Mardi, la situation semblait relativement calme dans cette localité, où l'on entendait toutefois des tirs sporadiques, selon des journalistes de l'AFP.
Des soldats bloquaient néanmoins l'accès des journalistes au pont détruit permettant d'entrer dans la ville, expliquant que les forces ukrainiennes étaient toujours en train de "nettoyer" la zone.
"A mon avis, environ 70 à 80% de la ville est libérée, les limites extérieures sont toujours aux mains" des Russes, a déclaré à l'AFP Roman Kovalevskiï, 48 ans, un habitant de la ville qui en sortait à vélo avec des bidons d'essence vides pour aller s'approvisionner à Kiev.
Dans les régions de Tcherniguiv, Soumy, Kharkiv, du Donbass, et dans le sud de l'Ukraine, "la situation reste partout tendue, très difficile", a cependant souligné lundi soir le président Zelensky.
- Frappe à Mykolaïv -
A 4 km à l'est de Kharkiv, deuxième ville d'Ukraine, proche de la frontière russe, les soldats ukrainiens ont repris lundi le contrôle du petit village de Mala Rogan, a constaté l'AFP, qui a vu deux corps de soldats russes gisant dans une allée et plusieurs blindés russes détruits.
Dans le sud, une frappe russe a touché mardi matin le bâtiment de l'administration régionale de Mykolaïv, ville proche d'Odessa qui connaissait un répit dans les bombardements ces derniers jours.
Au moins sept personnes sont mortes et 22 autres blessées, selon un nouveau bilan donné par le président Zelensky lors d'une intervention en visioconférence devant le Parlement danois,.
"Il n'y avait pas de visées militaires à Mykolaïv, les habitants de Mykolaïv ne présentaient aucune menace contre la Russie", s'est-il ému.
Des journalistes de l'AFP ont vu les secours sortir deux corps des gravats, et le bâtiment éventré sur toute sa hauteur.
- Reprise des couloirs humanitaires -
Dans le sud, trois couloirs humanitaires ont été mis en place mardi, notamment depuis la ville assiégée de Marioupol, après une suspension lundi des évacuations de civils, a indiqué la vice-Première ministre ukrainienne Iryna Verechtchouk sur Telegram.
M. Zelensky a accusé mardi les Russes de "crime contre l'humanité" à Marioupol, cité portuaire stratégique sur la mer d'Azov dont l'armée russe tente de s'emparer depuis fin février, où environ 160.000 personnes seraient toujours coincées.
"Ils font même sauter des abris alors qu'ils savent pertinemment que des civils s'y cachent, des femmes, des enfants et des vieillards", a-t-il ajouté.
Selon Tetyana Lomakina, conseillère de la présidence ukrainienne, "environ 5.000 personnes" y ont été enterrées, mais il pourrait y avoir en réalité "autour de 10.000 morts".
Emmanuel Macron devait s'entretenir avec Vladimir Poutine au téléphone à 14H30 GMT "pour sécuriser l'opération humanitaire à Marioupol", si possible "dans les tout prochains jours", a annoncé l'Elysée.

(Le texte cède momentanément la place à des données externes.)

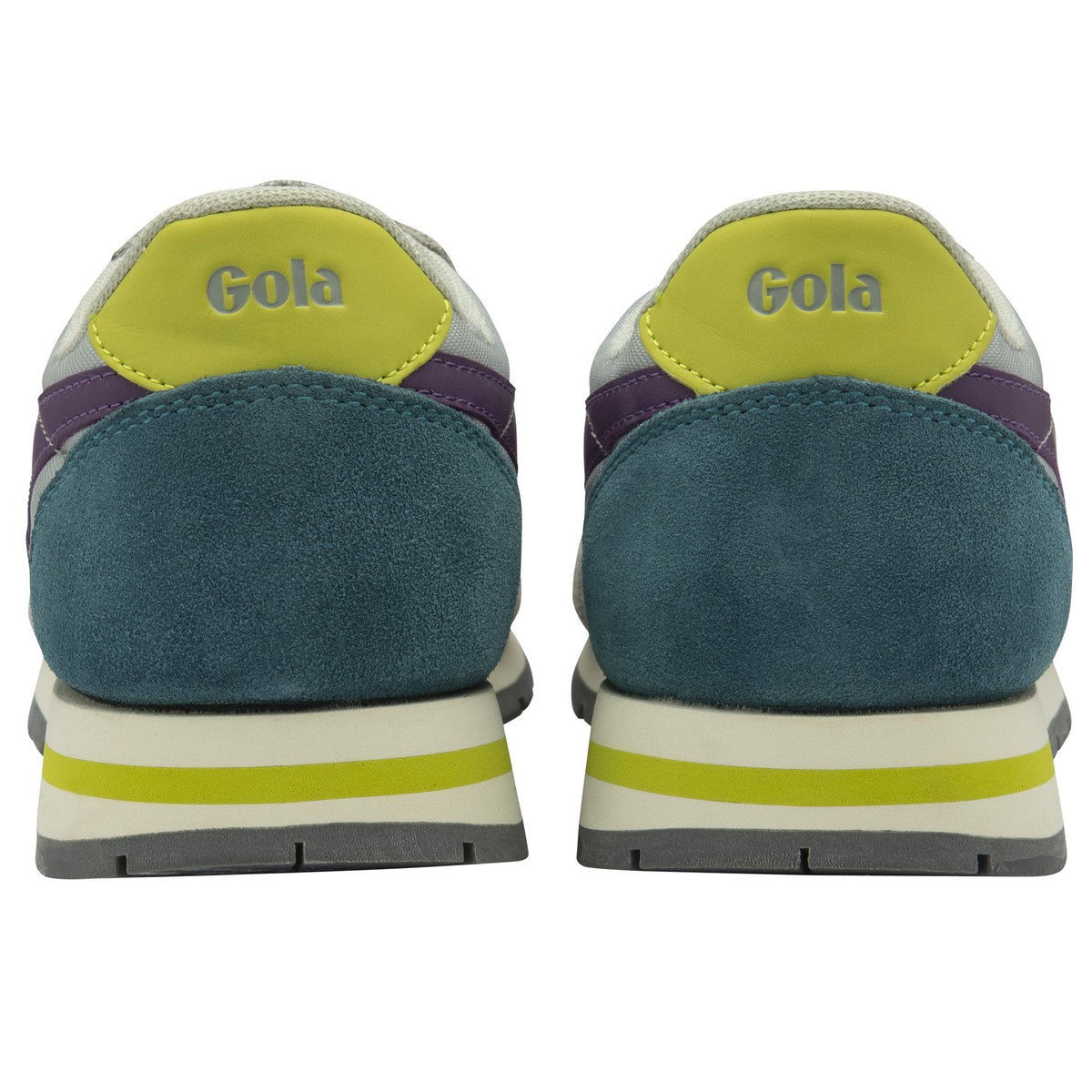 Gola Gola Classics Daytona Trainers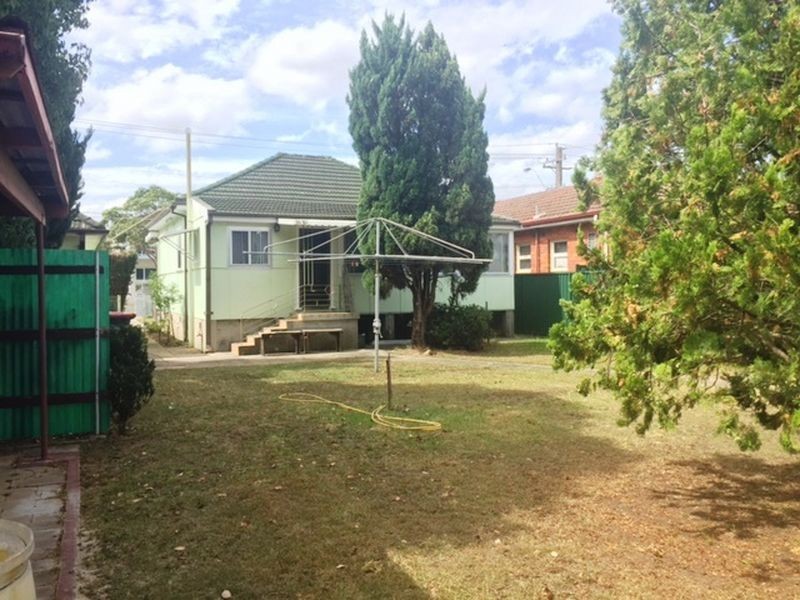 22 Bareena Street, Canley Vale NSW 2166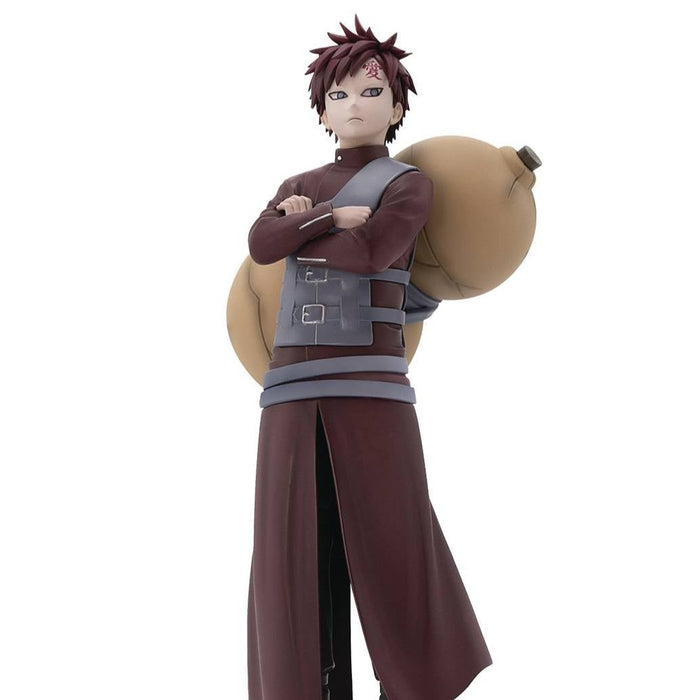 Naruto: Shippuden Gaara Figure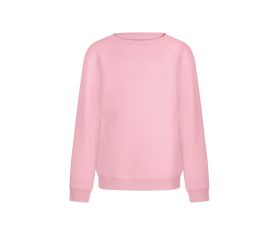 SCN300K / SUDADERA CUELLO REDONDO OCS KI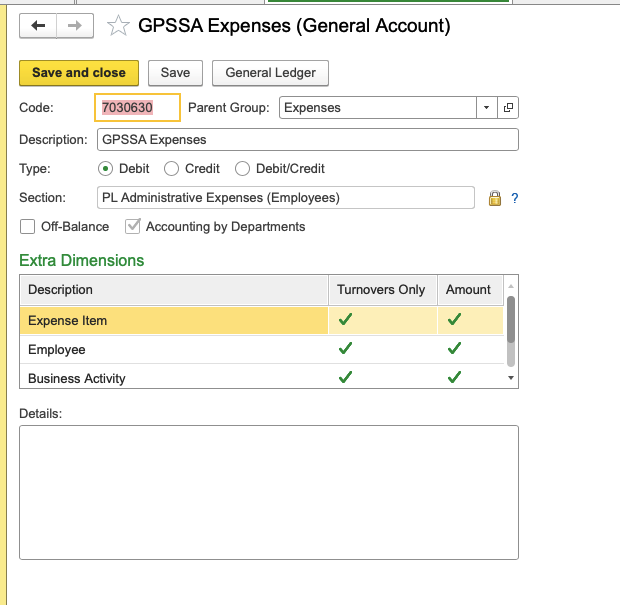 FirstBit User Help > GPSSA: monthly salary deduction, expense accrual and remittance to the Government > image2023-1-31_10-1-8.png
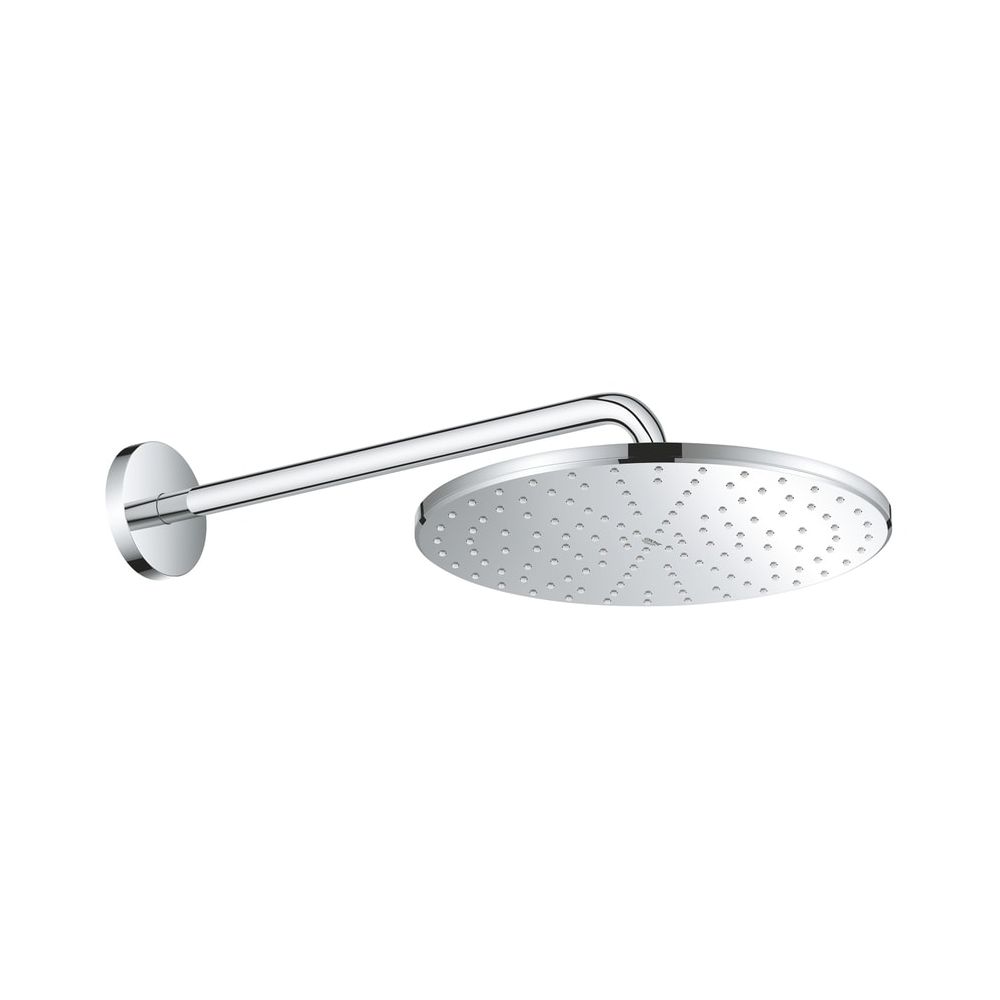 Grohe Rainshower Mono 310 Set de pommeau de douche, barre de douche 422 mm, Chrom, 26557000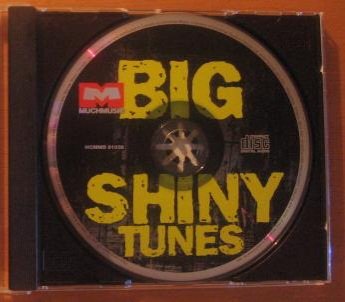 On This Day 

When it all started.
<a href="/Much/">MuchMusic</a> released Big Shiny Tunes Vol 1, in 1996

The album was certified 3× Platinum

Tell us your favorite songs and memories in the comments!! 

Karine 

<a href="/umusic/">UMUSIC</a> 
#CanRock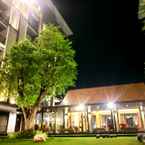 Review photo of Amanta Hotel Nongkhai from Jukkit P.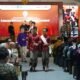 Polres Kediri Kawal Pembukaan Mataraman Digimagivest 2026, Pengunjung Padati Kawasan SLG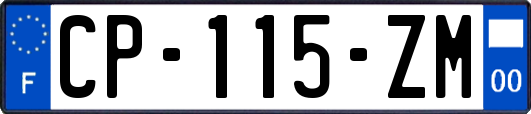 CP-115-ZM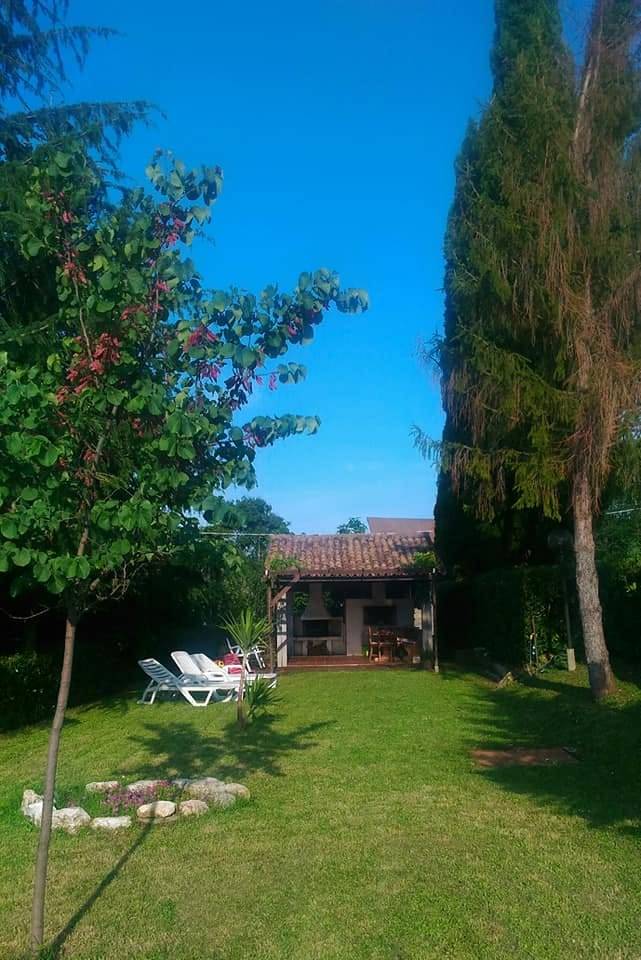 Casa indipendente in vendita a Maltignano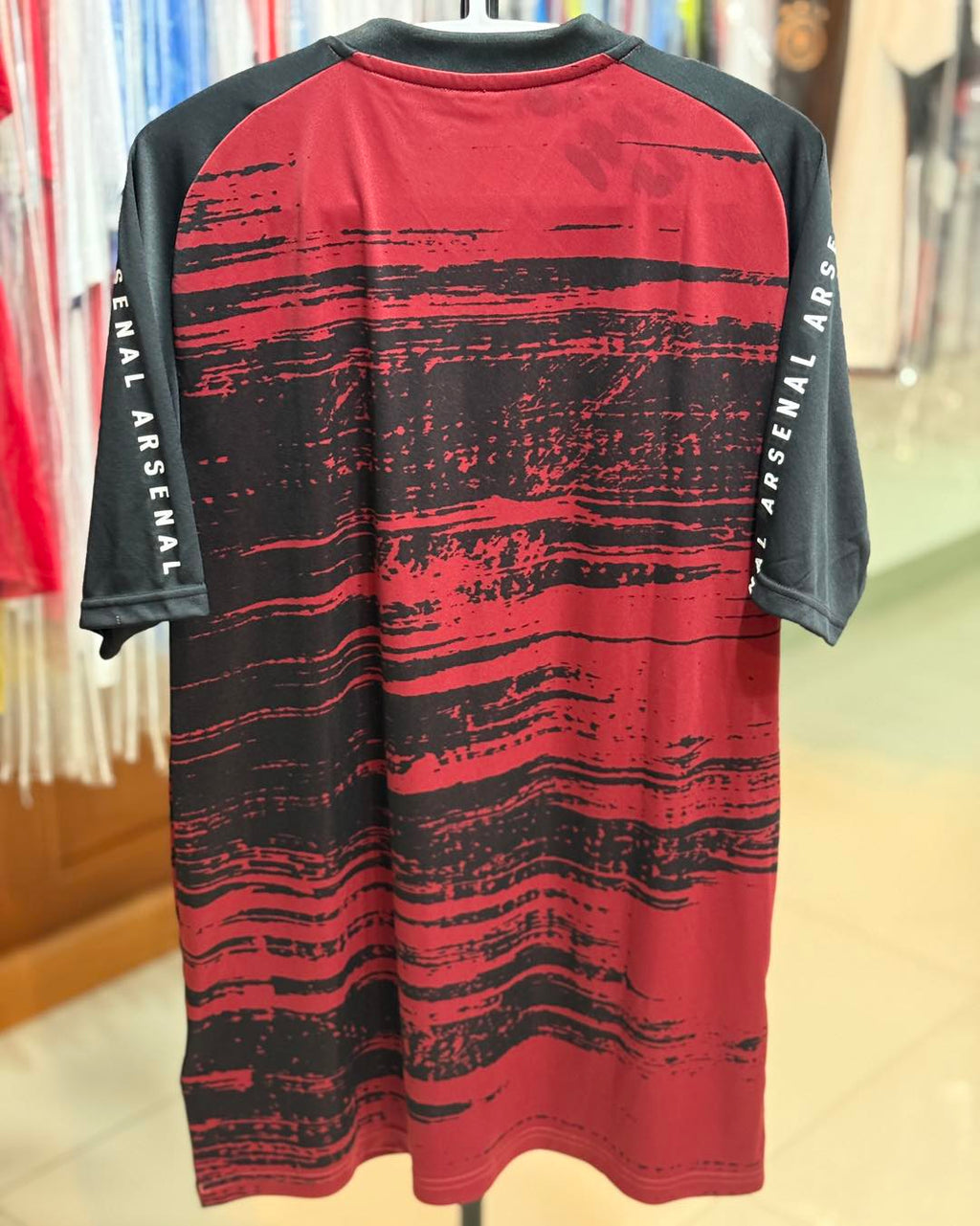 Arsenal 2024-2025 - Prematch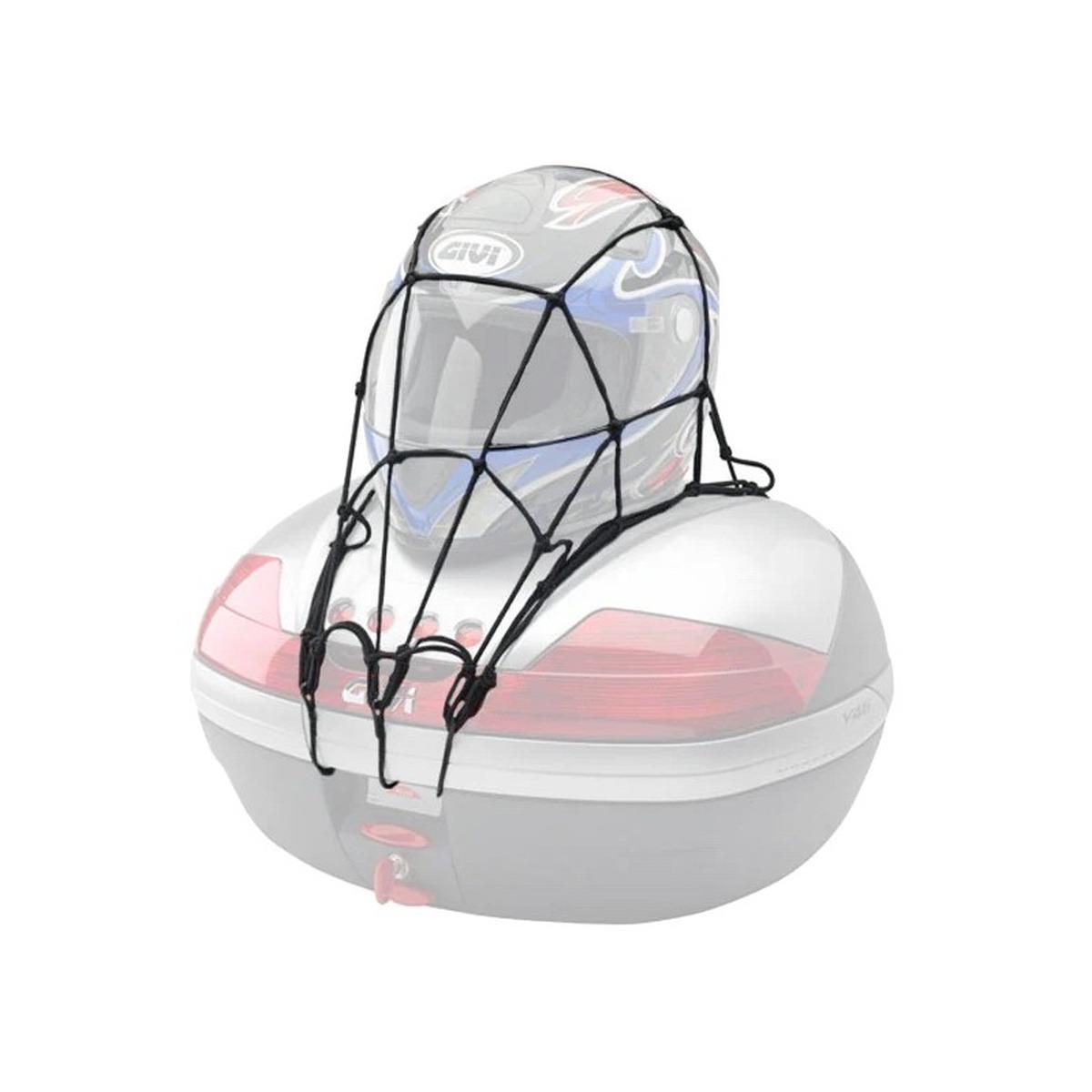 Rete elastica portaoggetti t10n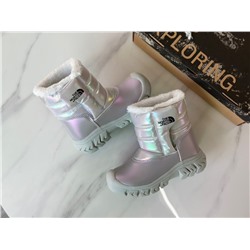 Сапоги детские 28-37 The north face ОРИГИНАЛ!!!
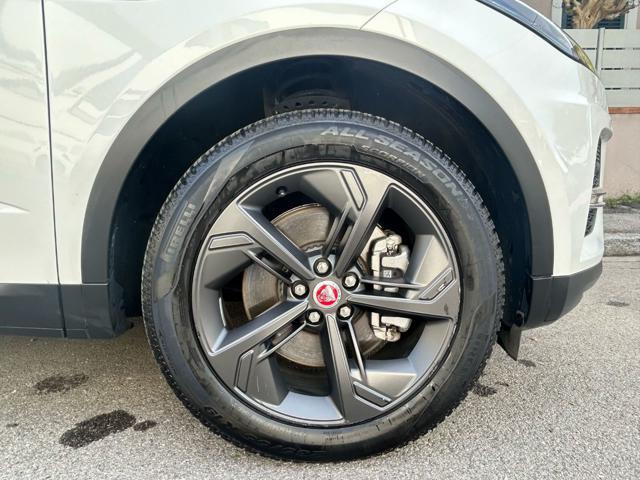 JAGUAR E-Pace 2.0D I4 163 CV AWD Auto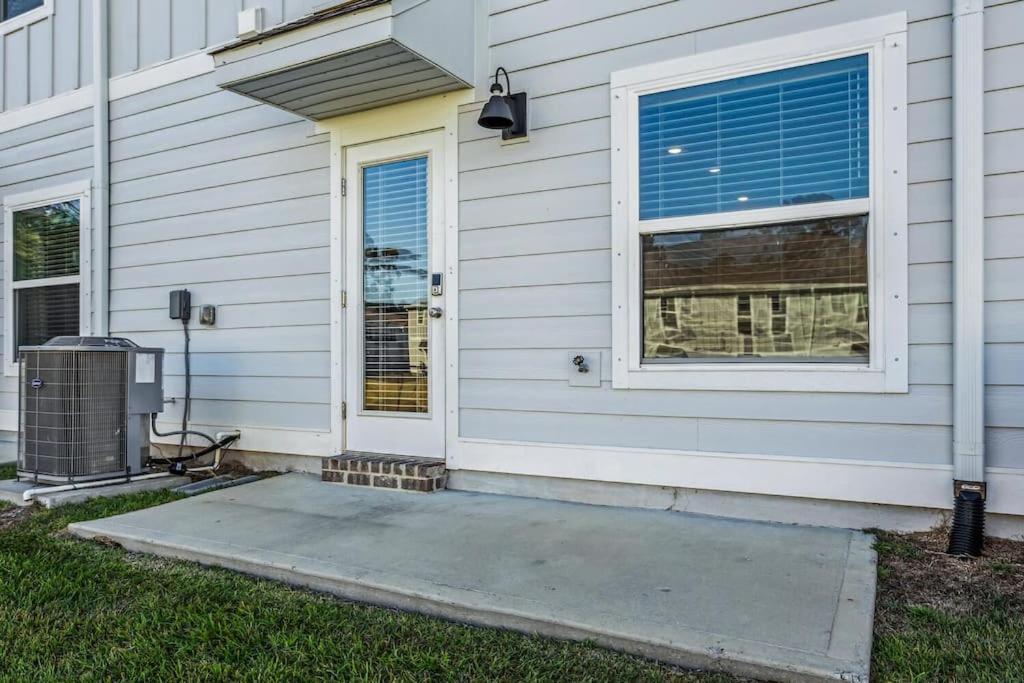 Luxury Townhome Near Downtown And Pensacola Beach Esterno foto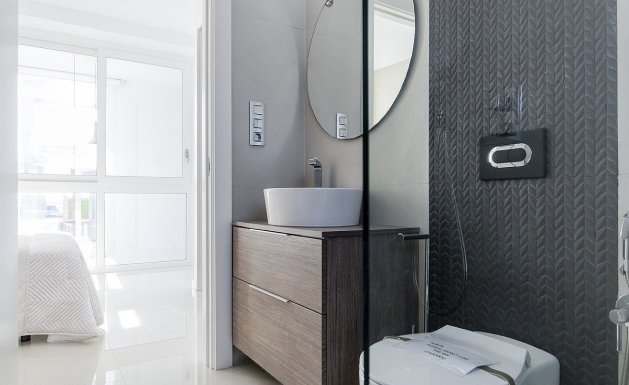 New Build - Villa - Los Montesinos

Le président français a reproché à la Russie un "non respect du droit humanitaire international".
- Sécurité des centrales -
Autre sujet de préoccupation: la situation des centrales nucléaires de l'Ukraine, menacée pour certaines par les combats. L''Agence internationale de l'énergie atomique a annoncé que son directeur général se trouvait en Ukraine "pour des discussions avec des responsables du gouvernement" afin de fournir "une assistance technique" garantissant la sécurité des installations nucléaires.
Sur le front économique, l'enseigne française Decathlon a annoncé mardi suspendre son activité en Russie, évoquant des problèmes d'approvisionnement. Les deux autres enseignes de la galaxie Mulliez, Leroy Merlin et Auchan, poursuivent elles leur activité en Russie malgré les critiques.